# Coping with remote communication anxiety



## Jubatian (Jan 8, 2022)

Would like to ask for advice or help on this problem if anyone had any idea.

I am very likely to be autistic to some degree (undiagnosed). In my childhood, I had severe difficulty with any social interaction, picking up emotions, later I consciously learned a lot of it, however always knew that many behavioural patterns are intuitive to the majority where I use learned patterns, consciously acting so I fit in.

With online interaction, I have a fair share of traumatic memories. I can't pick up emotion through chat. Communicating online even with people I consider friends is often stressful to me, even in completely ordinary situations, sharing things interesting to us. Having deficiencies with emotions, I easily could "say" things in one or another way inappropriate, and have no feedback like in a real life setting to make corrections.

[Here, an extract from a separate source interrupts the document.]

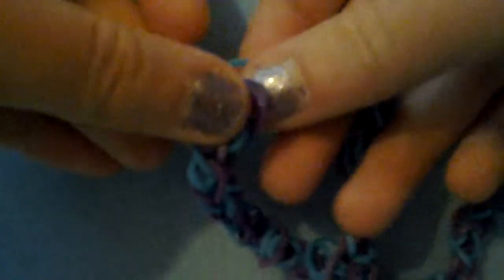You're going to take your single chain and put it like that. You're then going to take your other bracelet and thread the end of the single chain bracelet that you made the loop on onto the other one like this, and then you're going to fasten that with a C clip or S clip.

The language barrier is also a problem. English is not my native language, and without real life interaction to learn how to use it in a casual setting, I can't learn the subtleties, so remain even more prone to make mistakes. Such already happened a few times, at least those which I could come aware of later on, the unknowingly hurt person eventually exploding on me.

Compared to Hungary where I come from, here in the UK my experience is that it is nigh impossible to meet up with people. The Covid mostly obliterated real life events. So there is no opportunity to make real life contact where I could understand the person using the usual cues, pick up emotion, correct mistakes. No opportunity to build up a friendship where we trust each other enough that he wouldn't blow up on me unknowingly typing up something inappropriate in a chat without means to fix it.

This isn't just among furries, I am doing some volunteering, but it also feels stiff. No much opportunity for relaxed real life interaction with anyone anywhere. (Hungarian volunteering settings in comparison were very relaxed, evening around campfire, sleeping in bunks on the site... Of course pre-Covid)

Seriously no idea.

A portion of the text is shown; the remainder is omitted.